WORK ORDER. Please, without any pictures, set down exactly the part of the listing below that opens with the line containing "Once you return" and closes with the line containing "In this video by".
╭─ DATA UNDER STUDY
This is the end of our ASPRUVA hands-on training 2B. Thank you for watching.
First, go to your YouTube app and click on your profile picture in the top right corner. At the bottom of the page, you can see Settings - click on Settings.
╰─
╭─ DATA UNDER STUDY
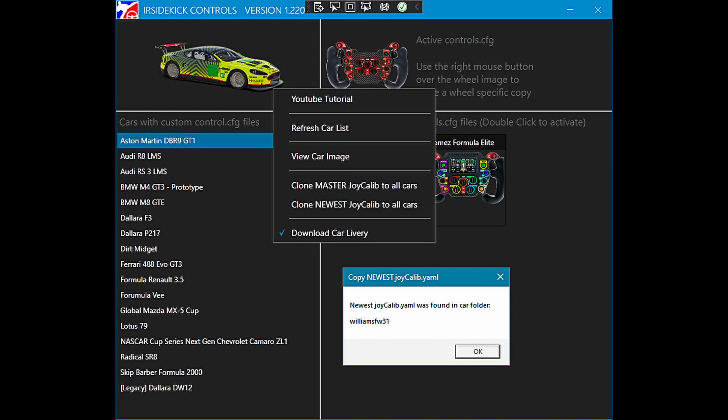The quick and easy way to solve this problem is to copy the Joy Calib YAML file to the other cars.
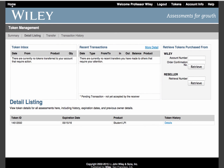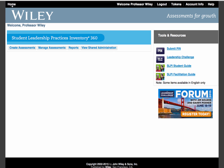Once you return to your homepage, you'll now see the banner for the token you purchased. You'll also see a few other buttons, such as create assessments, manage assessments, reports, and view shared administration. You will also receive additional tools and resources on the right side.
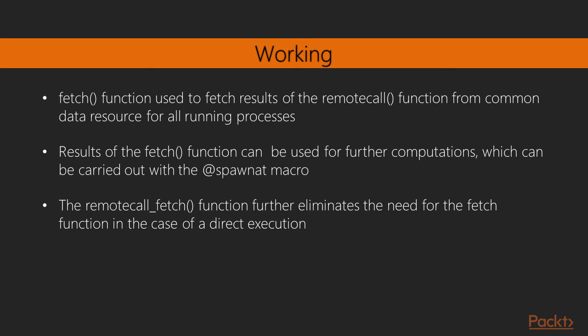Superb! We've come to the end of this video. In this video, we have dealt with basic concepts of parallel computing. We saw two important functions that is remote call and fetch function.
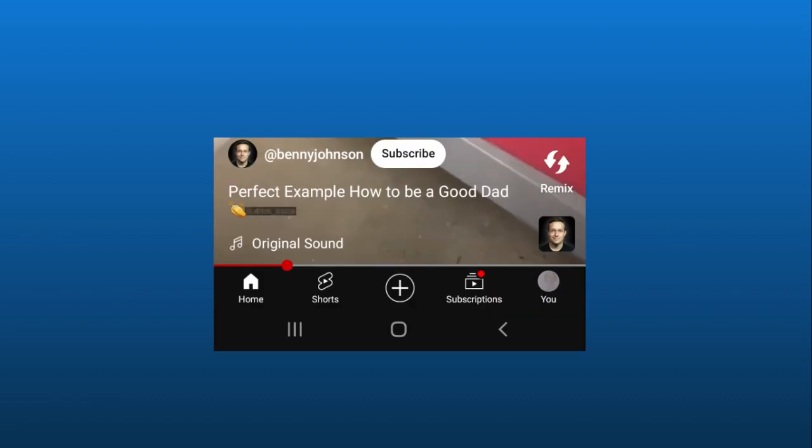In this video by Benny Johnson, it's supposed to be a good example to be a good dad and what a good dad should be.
╰─
RESULT.
Once you return to your homepage, you'll now see the banner for the token you purchased. You'll also see a few other buttons, such as create assessments, manage assessments, reports, and view shared administration. You will also receive additional tools and resources on the right side.
Superb! We've come to the end of this video. In this video, we have dealt with basic concepts of parallel computing. We saw two important functions that is remote call and fetch function.
In this video by Benny Johnson, it's supposed to be a good example to be a good dad and what a good dad should be.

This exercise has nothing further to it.